ABOUT THIS TASK
What you return must be exactly the lines running from the one with "Samring Women's Lightweight" to the end of the data below, inclusive, and nothing more.

RECORDS SUPPLIED
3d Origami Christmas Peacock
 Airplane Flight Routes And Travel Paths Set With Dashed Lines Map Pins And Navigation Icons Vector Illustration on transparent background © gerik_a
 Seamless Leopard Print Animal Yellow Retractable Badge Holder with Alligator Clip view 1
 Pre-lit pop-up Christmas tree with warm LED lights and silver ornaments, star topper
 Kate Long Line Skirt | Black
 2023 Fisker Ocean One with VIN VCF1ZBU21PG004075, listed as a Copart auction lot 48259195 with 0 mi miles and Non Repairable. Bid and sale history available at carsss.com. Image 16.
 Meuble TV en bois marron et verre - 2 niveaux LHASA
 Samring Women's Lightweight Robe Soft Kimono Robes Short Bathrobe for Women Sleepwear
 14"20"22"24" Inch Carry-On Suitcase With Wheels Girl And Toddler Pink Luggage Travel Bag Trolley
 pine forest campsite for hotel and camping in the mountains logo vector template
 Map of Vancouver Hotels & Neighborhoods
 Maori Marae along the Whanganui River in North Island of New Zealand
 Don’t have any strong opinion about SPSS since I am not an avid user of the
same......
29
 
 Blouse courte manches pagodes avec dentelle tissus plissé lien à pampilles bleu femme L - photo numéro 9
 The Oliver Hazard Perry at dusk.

ANSWER SECTION
 Samring Women's Lightweight Robe Soft Kimono Robes Short Bathrobe for Women Sleepwear
 14"20"22"24" Inch Carry-On Suitcase With Wheels Girl And Toddler Pink Luggage Travel Bag Trolley
 pine forest campsite for hotel and camping in the mountains logo vector template
 Map of Vancouver Hotels & Neighborhoods
 Maori Marae along the Whanganui River in North Island of New Zealand
 Don’t have any strong opinion about SPSS since I am not an avid user of the
same......
29
 
 Blouse courte manches pagodes avec dentelle tissus plissé lien à pampilles bleu femme L - photo numéro 9
 The Oliver Hazard Perry at dusk.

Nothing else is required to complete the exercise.